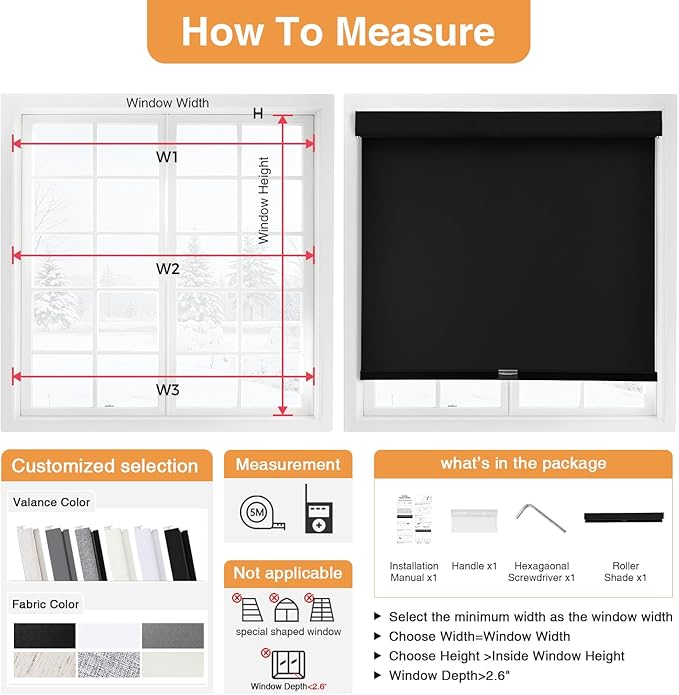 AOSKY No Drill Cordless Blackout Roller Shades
####
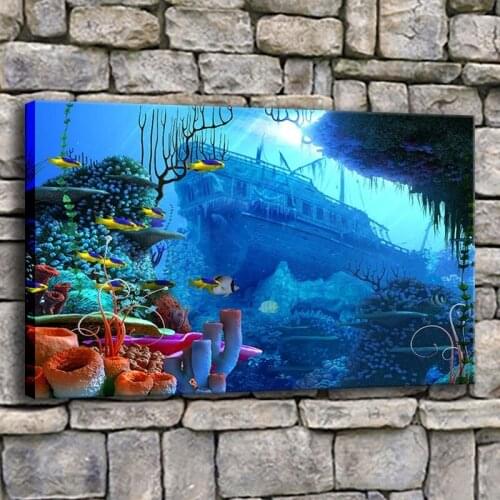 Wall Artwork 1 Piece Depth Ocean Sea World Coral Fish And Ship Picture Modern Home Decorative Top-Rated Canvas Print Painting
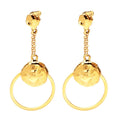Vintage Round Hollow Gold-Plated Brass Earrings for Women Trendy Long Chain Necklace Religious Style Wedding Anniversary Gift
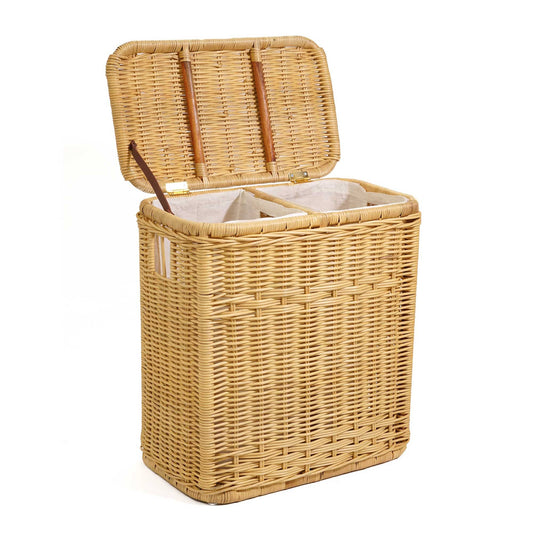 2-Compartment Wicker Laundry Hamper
####
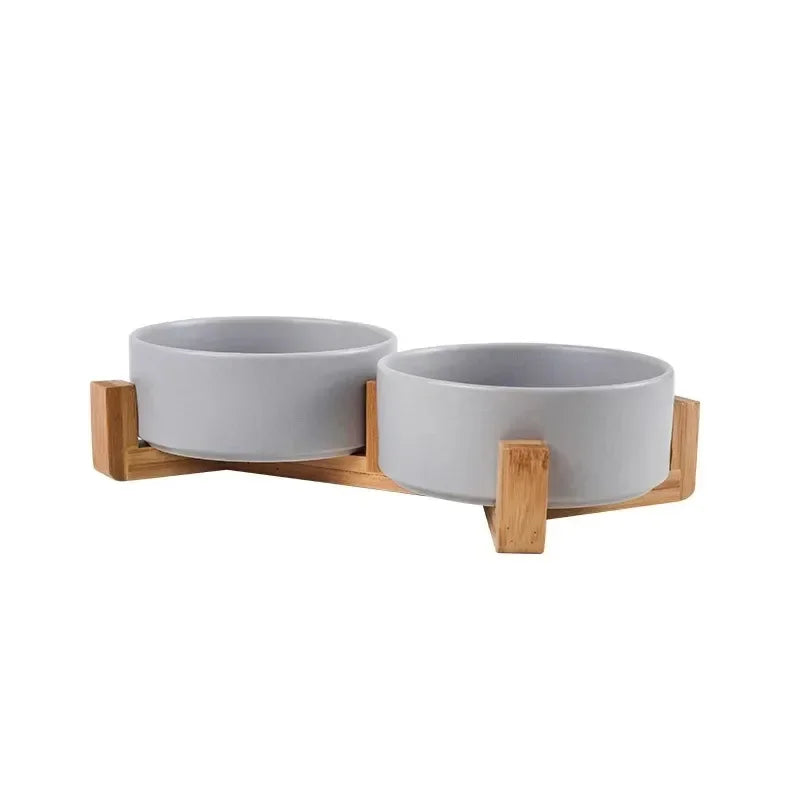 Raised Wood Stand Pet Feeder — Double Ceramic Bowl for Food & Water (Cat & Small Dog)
####
Aim of the exercise:
Would you copy out, exactly and with no pictures, only the lines above from the one that contains "Vintage Round Hollow" through the one that contains "2-Compartment Wicker Laundry Hamper"?

Response below:
Vintage Round Hollow Gold-Plated Brass Earrings for Women Trendy Long Chain Necklace Religious Style Wedding Anniversary Gift
 2-Compartment Wicker Laundry Hamper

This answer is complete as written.